| YOUR TASK |
The records that follow are to be given again exactly.

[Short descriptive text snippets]
━━━━━━━━━━━━━━━━━━━━

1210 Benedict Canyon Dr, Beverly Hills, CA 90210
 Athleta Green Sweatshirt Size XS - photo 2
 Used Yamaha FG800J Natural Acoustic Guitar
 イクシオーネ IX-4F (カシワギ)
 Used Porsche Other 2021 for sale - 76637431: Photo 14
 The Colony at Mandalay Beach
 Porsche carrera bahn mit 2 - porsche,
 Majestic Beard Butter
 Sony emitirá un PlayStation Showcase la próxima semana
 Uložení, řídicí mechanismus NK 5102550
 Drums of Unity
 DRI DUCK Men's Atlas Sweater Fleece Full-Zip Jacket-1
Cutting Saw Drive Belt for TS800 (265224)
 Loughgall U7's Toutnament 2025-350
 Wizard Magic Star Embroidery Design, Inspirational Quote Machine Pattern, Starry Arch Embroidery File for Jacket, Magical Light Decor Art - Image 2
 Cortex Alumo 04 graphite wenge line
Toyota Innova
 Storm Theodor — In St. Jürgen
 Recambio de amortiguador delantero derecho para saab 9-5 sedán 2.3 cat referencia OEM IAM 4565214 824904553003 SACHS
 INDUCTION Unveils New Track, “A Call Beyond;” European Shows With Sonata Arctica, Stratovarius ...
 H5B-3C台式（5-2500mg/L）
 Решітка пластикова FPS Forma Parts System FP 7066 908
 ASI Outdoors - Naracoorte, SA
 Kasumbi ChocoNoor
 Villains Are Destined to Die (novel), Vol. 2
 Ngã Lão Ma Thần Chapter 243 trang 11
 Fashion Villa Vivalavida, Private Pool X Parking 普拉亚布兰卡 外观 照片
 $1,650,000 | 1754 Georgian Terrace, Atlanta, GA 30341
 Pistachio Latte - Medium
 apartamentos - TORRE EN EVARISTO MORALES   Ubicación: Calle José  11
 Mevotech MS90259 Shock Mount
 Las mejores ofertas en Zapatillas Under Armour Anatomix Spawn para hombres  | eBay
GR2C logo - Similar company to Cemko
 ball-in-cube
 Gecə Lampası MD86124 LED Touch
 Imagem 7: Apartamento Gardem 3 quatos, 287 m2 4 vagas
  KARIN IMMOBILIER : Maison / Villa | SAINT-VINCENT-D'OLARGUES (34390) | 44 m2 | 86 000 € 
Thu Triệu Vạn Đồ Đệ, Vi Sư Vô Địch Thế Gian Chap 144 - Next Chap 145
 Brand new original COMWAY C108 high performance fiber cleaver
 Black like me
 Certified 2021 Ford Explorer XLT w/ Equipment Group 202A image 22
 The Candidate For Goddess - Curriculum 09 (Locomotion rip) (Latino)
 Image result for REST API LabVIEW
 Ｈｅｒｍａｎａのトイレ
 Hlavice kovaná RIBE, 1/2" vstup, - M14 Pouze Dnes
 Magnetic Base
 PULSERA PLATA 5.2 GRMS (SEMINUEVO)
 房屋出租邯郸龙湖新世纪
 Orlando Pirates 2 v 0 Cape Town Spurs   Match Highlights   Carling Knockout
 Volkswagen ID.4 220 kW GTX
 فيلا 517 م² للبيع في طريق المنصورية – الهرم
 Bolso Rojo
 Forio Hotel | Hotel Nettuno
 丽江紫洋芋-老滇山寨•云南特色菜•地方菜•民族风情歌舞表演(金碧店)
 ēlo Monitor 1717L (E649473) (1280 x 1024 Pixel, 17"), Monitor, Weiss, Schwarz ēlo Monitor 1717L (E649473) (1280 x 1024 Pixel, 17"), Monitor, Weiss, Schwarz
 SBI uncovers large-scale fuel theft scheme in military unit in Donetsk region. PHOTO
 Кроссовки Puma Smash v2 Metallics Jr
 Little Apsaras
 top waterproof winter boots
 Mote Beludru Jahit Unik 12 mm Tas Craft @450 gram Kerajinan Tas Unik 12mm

━━━━━━━━━━━━━━━━━━━━

| TASK RESPONSE |
1210 Benedict Canyon Dr, Beverly Hills, CA 90210
 Athleta Green Sweatshirt Size XS - photo 2
 Used Yamaha FG800J Natural Acoustic Guitar
 イクシオーネ IX-4F (カシワギ)
 Used Porsche Other 2021 for sale - 76637431: Photo 14
 The Colony at Mandalay Beach
 Porsche carrera bahn mit 2 - porsche,
 Majestic Beard Butter
 Sony emitirá un PlayStation Showcase la próxima semana
 Uložení, řídicí mechanismus NK 5102550
 Drums of Unity
 DRI DUCK Men's Atlas Sweater Fleece Full-Zip Jacket-1
Cutting Saw Drive Belt for TS800 (265224)
 Loughgall U7's Toutnament 2025-350
 Wizard Magic Star Embroidery Design, Inspirational Quote Machine Pattern, Starry Arch Embroidery File for Jacket, Magical Light Decor Art - Image 2
 Cortex Alumo 04 graphite wenge line
Toyota Innova
 Storm Theodor — In St. Jürgen
 Recambio de amortiguador delantero derecho para saab 9-5 sedán 2.3 cat referencia OEM IAM 4565214 824904553003 SACHS
 INDUCTION Unveils New Track, “A Call Beyond;” European Shows With Sonata Arctica, Stratovarius ...
 H5B-3C台式（5-2500mg/L）
 Решітка пластикова FPS Forma Parts System FP 7066 908
 ASI Outdoors - Naracoorte, SA
 Kasumbi ChocoNoor
 Villains Are Destined to Die (novel), Vol. 2
 Ngã Lão Ma Thần Chapter 243 trang 11
 Fashion Villa Vivalavida, Private Pool X Parking 普拉亚布兰卡 外观 照片
 $1,650,000 | 1754 Georgian Terrace, Atlanta, GA 30341
 Pistachio Latte - Medium
 apartamentos - TORRE EN EVARISTO MORALES   Ubicación: Calle José  11
 Mevotech MS90259 Shock Mount
 Las mejores ofertas en Zapatillas Under Armour Anatomix Spawn para hombres  | eBay
GR2C logo - Similar company to Cemko
 ball-in-cube
 Gecə Lampası MD86124 LED Touch
 Imagem 7: Apartamento Gardem 3 quatos, 287 m2 4 vagas
  KARIN IMMOBILIER : Maison / Villa | SAINT-VINCENT-D'OLARGUES (34390) | 44 m2 | 86 000 € 
Thu Triệu Vạn Đồ Đệ, Vi Sư Vô Địch Thế Gian Chap 144 - Next Chap 145
 Brand new original COMWAY C108 high performance fiber cleaver
 Black like me
 Certified 2021 Ford Explorer XLT w/ Equipment Group 202A image 22
 The Candidate For Goddess - Curriculum 09 (Locomotion rip) (Latino)
 Image result for REST API LabVIEW
 Ｈｅｒｍａｎａのトイレ
 Hlavice kovaná RIBE, 1/2" vstup, - M14 Pouze Dnes
 Magnetic Base
 PULSERA PLATA 5.2 GRMS (SEMINUEVO)
 房屋出租邯郸龙湖新世纪
 Orlando Pirates 2 v 0 Cape Town Spurs   Match Highlights   Carling Knockout
 Volkswagen ID.4 220 kW GTX
 فيلا 517 م² للبيع في طريق المنصورية – الهرم
 Bolso Rojo
 Forio Hotel | Hotel Nettuno
 丽江紫洋芋-老滇山寨•云南特色菜•地方菜•民族风情歌舞表演(金碧店)
 ēlo Monitor 1717L (E649473) (1280 x 1024 Pixel, 17"), Monitor, Weiss, Schwarz ēlo Monitor 1717L (E649473) (1280 x 1024 Pixel, 17"), Monitor, Weiss, Schwarz
 SBI uncovers large-scale fuel theft scheme in military unit in Donetsk region. PHOTO
 Кроссовки Puma Smash v2 Metallics Jr
 Little Apsaras
 top waterproof winter boots
 Mote Beludru Jahit Unik 12 mm Tas Craft @450 gram Kerajinan Tas Unik 12mm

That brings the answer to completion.